Currently drm-buddy does not have full knowledge of continuous memory.
Lets consider scenario below.
order 1: L R
order 0: LL LR RL RR
for order 1 allocation, it can offer L or R or LR+RL.
For now, we only implement L or R case for continuous memory allocation.
So this patch aims to implement the LR+RL case.
Signed-off-by: xinhui pan <[email protected]>
---
change from v2:
search continuous block in nearby root if needed
change from v1:
implement top-down continuous allocation
---
drivers/gpu/drm/drm_buddy.c | 78 +++++++++++++++++++++++++++++++++----
1 file changed, 71 insertions(+), 7 deletions(-)

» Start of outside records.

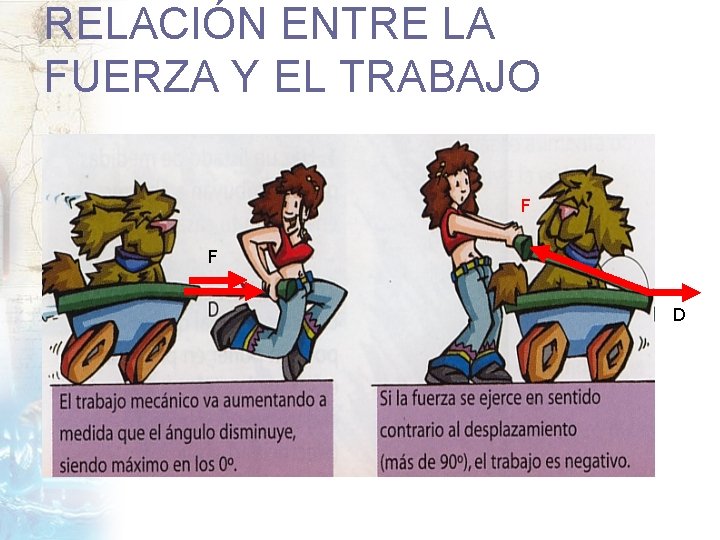 RELACIÓN ENTRE LA FUERZA Y EL TRABAJO F F D 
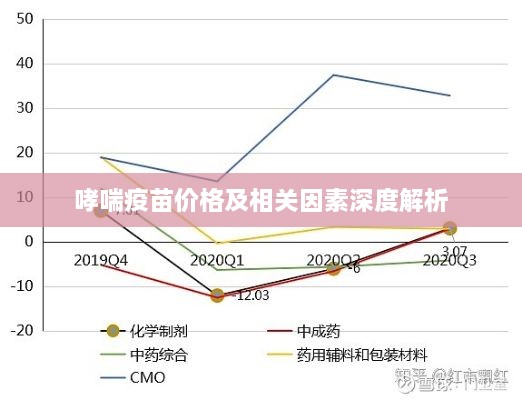百不得一 第2頁(yè)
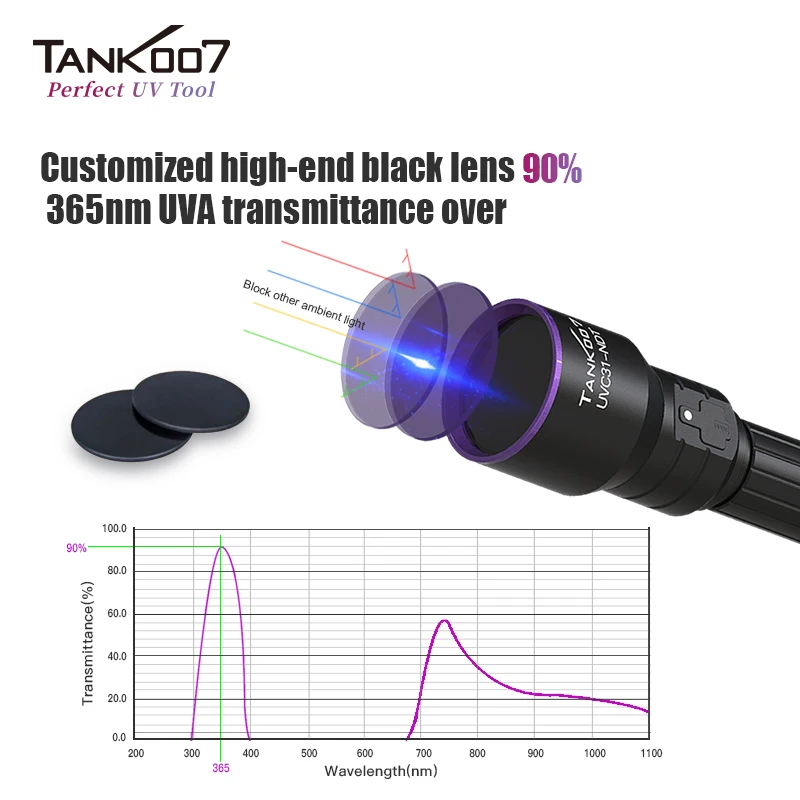 Tank007 Industrial Leak Detection NDT LED Torch 365nm Uv Flashlight Blacklight Flashlight Non-destructive Testing Linternas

diff --git a/drivers/gpu/drm/drm_buddy.c b/drivers/gpu/drm/drm_buddy.c
index 11bb59399471..ff58eb3136d2 100644
--- a/drivers/gpu/drm/drm_buddy.c
+++ b/drivers/gpu/drm/drm_buddy.c
@@ -386,6 +386,58 @@ alloc_range_bias(struct drm_buddy *mm,
return ERR_PTR(err);
}
+static struct drm_buddy_block *
+find_continuous_blocks(struct drm_buddy *mm,
+ int order,
+ unsigned long flags,
+ struct drm_buddy_block **rn)
+{
+ struct list_head *head = &mm->free_list[order];
+ struct drm_buddy_block *node, *parent, *free_node, *max_node = NULL;
+ int i;
+
+ list_for_each_entry(free_node, head, link) {
+ if (max_node) {
+ if (!(flags & DRM_BUDDY_TOPDOWN_ALLOCATION))
+ break;
+
+ if (drm_buddy_block_offset(free_node) <
+ drm_buddy_block_offset(max_node))
+ continue;
+ }
+
+ parent = free_node;
+ do {
+ node = parent;
+ parent = parent->parent;
+ } while (parent && parent->right == node);
+
+ if (!parent) {
+ for (i = 0; i < mm->n_roots - 1; i++)
+ if (mm->roots[i] == node)
+ break;
+ if (i == mm->n_roots - 1)
+ continue;
+ node = mm->roots[i + 1];
+ } else {
+ node = parent->right;
+ }
+
+ while (drm_buddy_block_is_split(node))
+ node = node->left;
+
+ if (drm_buddy_block_is_free(node) &&
+ drm_buddy_block_order(node) == order) {
+ *rn = node;
+ max_node = free_node;
+ BUG_ON(drm_buddy_block_offset(node) !=
+ drm_buddy_block_offset(max_node) +
+ drm_buddy_block_size(mm, max_node));
+ }
+ }
+ return max_node;
+}
+
static struct drm_buddy_block *
get_maxblock(struct list_head *head)
{
@@ -637,7 +689,7 @@ int drm_buddy_alloc_blocks(struct drm_buddy *mm,
struct list_head *blocks,
unsigned long flags)
{
- struct drm_buddy_block *block = NULL;
+ struct drm_buddy_block *block = NULL, *rblock = NULL;
unsigned int min_order, order;
unsigned long pages;
LIST_HEAD(allocated);
@@ -689,17 +741,29 @@ int drm_buddy_alloc_blocks(struct drm_buddy *mm,
break;
if (order-- == min_order) {
+ if (!(flags & DRM_BUDDY_RANGE_ALLOCATION) &&
+ min_order != 0 && pages == BIT(order + 1)) {
+ block = find_continuous_blocks(mm,
+ order,
+ flags,
+ &rblock);
+ if (block)
+ break;
+ }
err = -ENOSPC;
goto err_free;
}
} while (1);
- mark_allocated(block);
- mm->avail -= drm_buddy_block_size(mm, block);
- kmemleak_update_trace(block);
- list_add_tail(&block->link, &allocated);
-
- pages -= BIT(order);
+ do {
+ mark_allocated(block);
+ mm->avail -= drm_buddy_block_size(mm, block);
+ kmemleak_update_trace(block);
+ list_add_tail(&block->link, &allocated);
+ pages -= BIT(order);
+ block = rblock;
+ rblock = NULL;
+ } while (block);
if (!pages)
break;
--
2.34.1
Hi Xinhui,
On 11/28/2022 12:04 PM, xinhui pan wrote:
> Currently drm-buddy does not have full knowledge of continuous memory.
>
> Lets consider scenario below.
> order 1: L R
> order 0: LL LR RL RR
> for order 1 allocation, it can offer L or R or LR+RL.
>
> For now, we only implement L or R case for continuous memory allocation.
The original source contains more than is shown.